- _The problem_: Below, locate the line that contains "Hey, what's going". Repeat exactly from that line to the line that contains "For the majority", inclusive, leaving out the pictures.

- _Recorded data_:
• • • • •
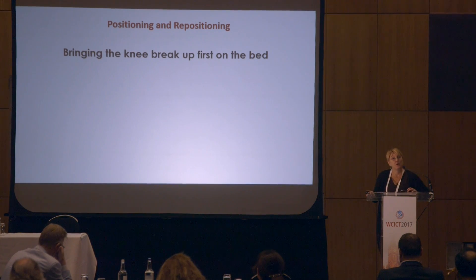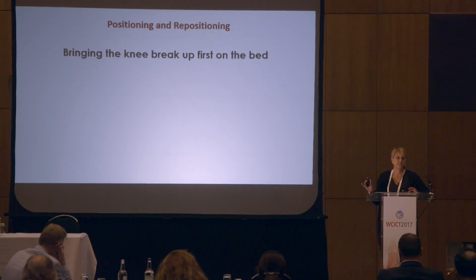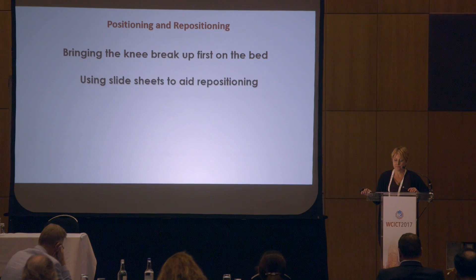It's important that if we are using these pieces of equipment, we use them properly. For example, with profiling beds, ensure that we raise the knee break first, so that when we raise the head of the bed, the patient doesn't go sliding down, creating friction and shear forces against the bottom and heels. With slide sheets, make sure they are the correct size for the patient so that the whole body is being protected and not just one area.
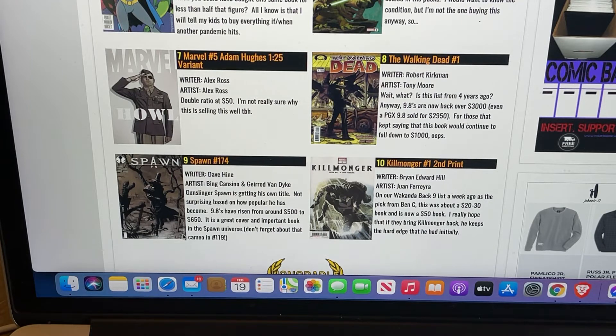Number seven is Marvel number five, the Adam Hughes 1-in-25 variant. It's at about double ratio — around $50. I remember seeing this and I wasn't impressed with the cover. It doesn't jump out at you. The colors are very muted. It's a typical Adam Hughes cover — I don't think it's his best. I passed on it. I think Midtown had it around $40, which was already jacked up. Sometimes Adam Hughes covers do really well, but I don't see this one doing well long term. It's just not that dynamic of a cover. I think this could easily go back down towards ratio at some point.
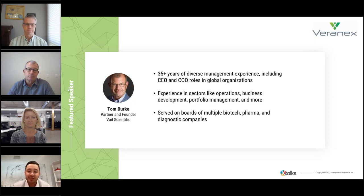Last but not least, we have Tom Burke, CEO and co-founder of Veil Scientific, with over 35 years of management experience as CEO and COO of global organizations across device sectors including corporate leadership, operations, business development, portfolio and project management, P&L, sales, and marketing. His board memberships and chair positions span biotech, pharma, and diagnostics companies. We have an awesome panel of very experienced and knowledgeable individuals.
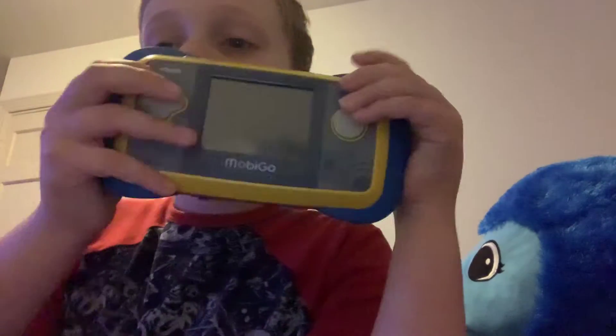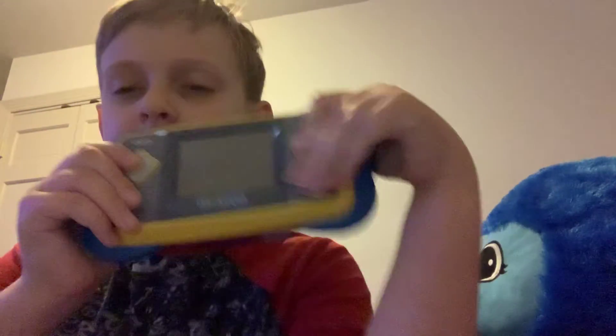Hey, what's going on guys? Welcome back to another video. Today I was going through my toy box and I found something — this thing. I know it just looks like some piece of garbage game system, but actually it's kind of...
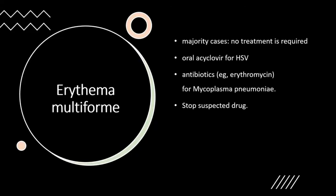For the majority of cases, no treatment is required as the rash settles by itself over several weeks without complications. Treatment directed at any possible cause may be required, such as oral acyclovir for HSV infection or antibiotics like erythromycin for Mycoplasma pneumonia. If a drug cause is suspected, the possible offending drug should be ceased.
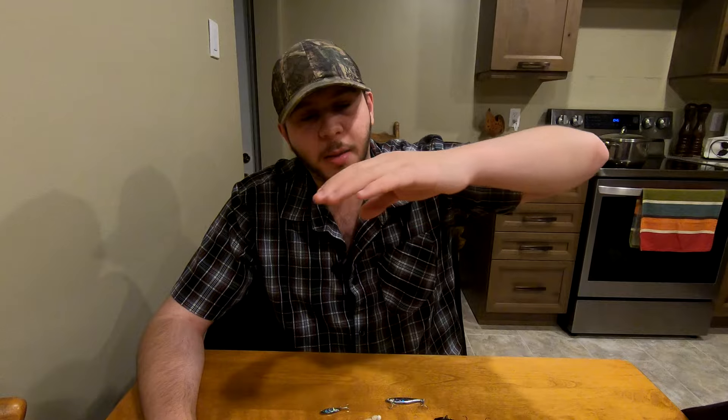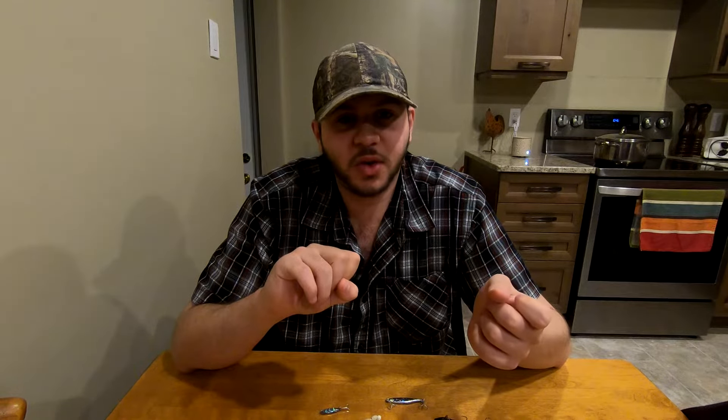A big thing to know is that whitefish have extremely soft mouths. You'll want a good drag system on your reel and keep it a little looser than you would with most other fish. For your rod, you want a nice soft-tip rod that bends a lot, keeping the fish pinned but not too stiff to rip the hook out. Personally, I find a medium-light or medium rod works well — just keep that drag loose and make sure the rod has good action.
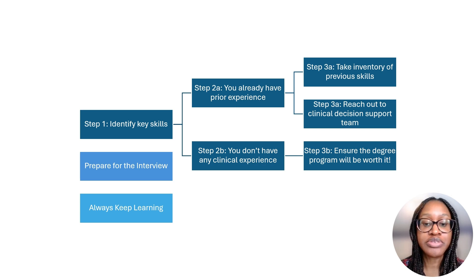I hope this video is of value to you. Comment down below on where you are in the health informatics roadmap journey. Thanks so much and I hope you have a wonderful day.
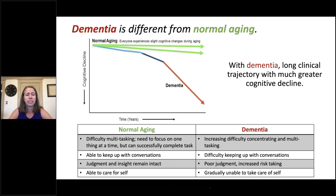Lastly, in normal aging individuals are able to care for themselves, whereas over time, as dementia progresses, an individual becomes gradually unable to care for themselves.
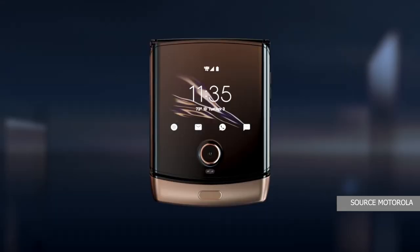Next up, cameras. We have a 16MP main sensor and a 5MP selfie camera. The main camera can also act as the selfie camera. Overall, the camera quality falls in the average-to-good category, which is kind of disappointing especially considering the price.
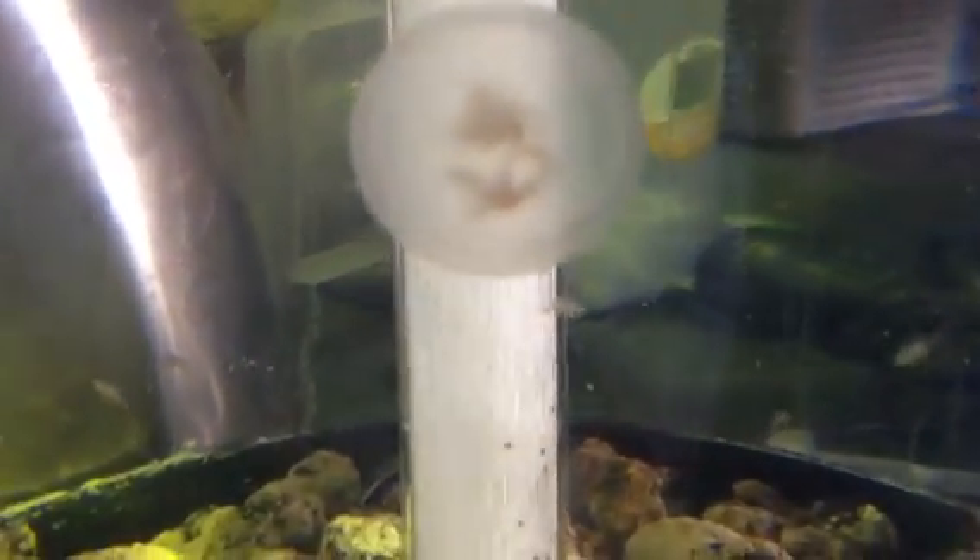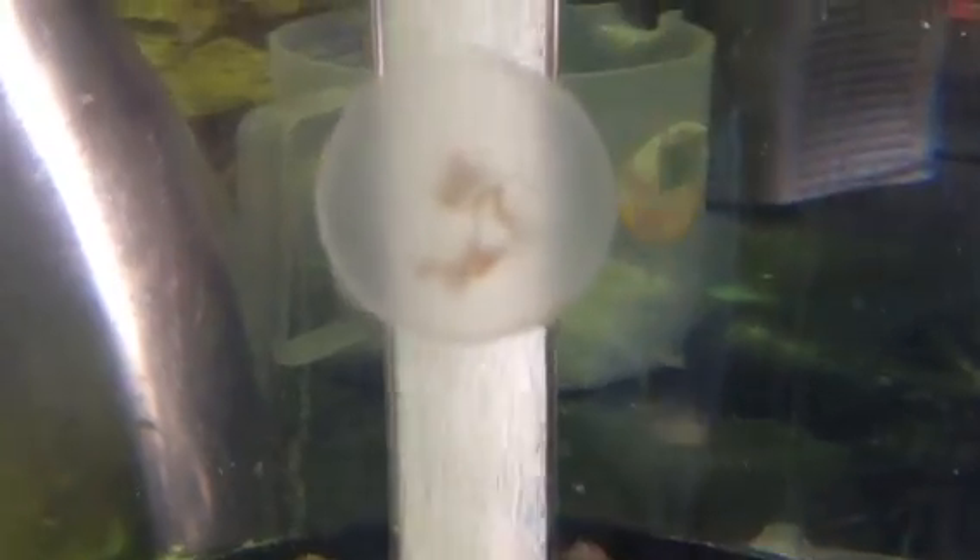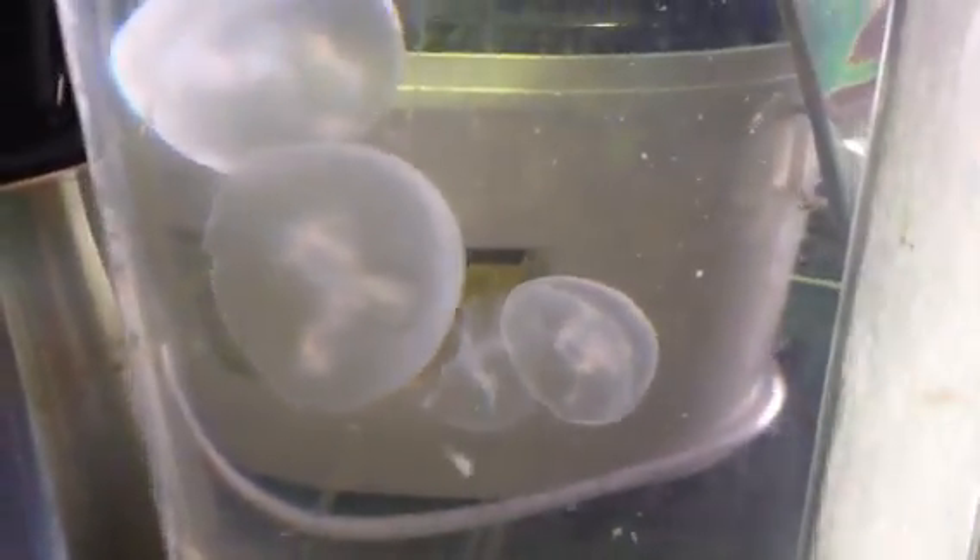Here's our jellyfish eating brine shrimp. You can see in the center of the jellyfish where they've collected the brine shrimp with their tentacles and then passed them down to their mouth. Those dark spots in the jellyfish are the brine shrimp they're currently digesting. The really interesting thing about jellies is that when you feed them more they grow fast, and when you don't feed them much they seem to shrink, which is pretty amazing.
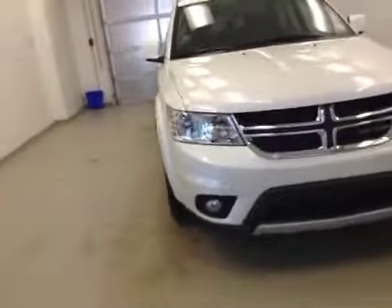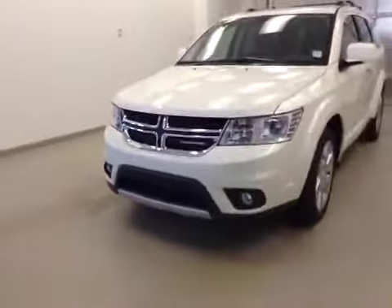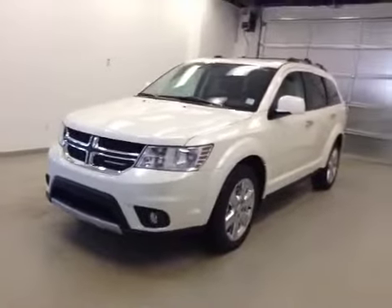Once again, this is stock number 85165, a 2015 Dodge Journey RT, all-wheel drive, exterior color pearl white.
• • • • •
- _Response box_:
Hey, what's going on guys? Welcome back to another video. Today I was going through my toy box and I found something — this thing. I know it just looks like some piece of garbage game system, but actually it's kind of...
For the majority of cases, no treatment is required as the rash settles by itself over several weeks without complications. Treatment directed at any possible cause may be required, such as oral acyclovir for HSV infection or antibiotics like erythromycin for Mycoplasma pneumonia. If a drug cause is suspected, the possible offending drug should be ceased.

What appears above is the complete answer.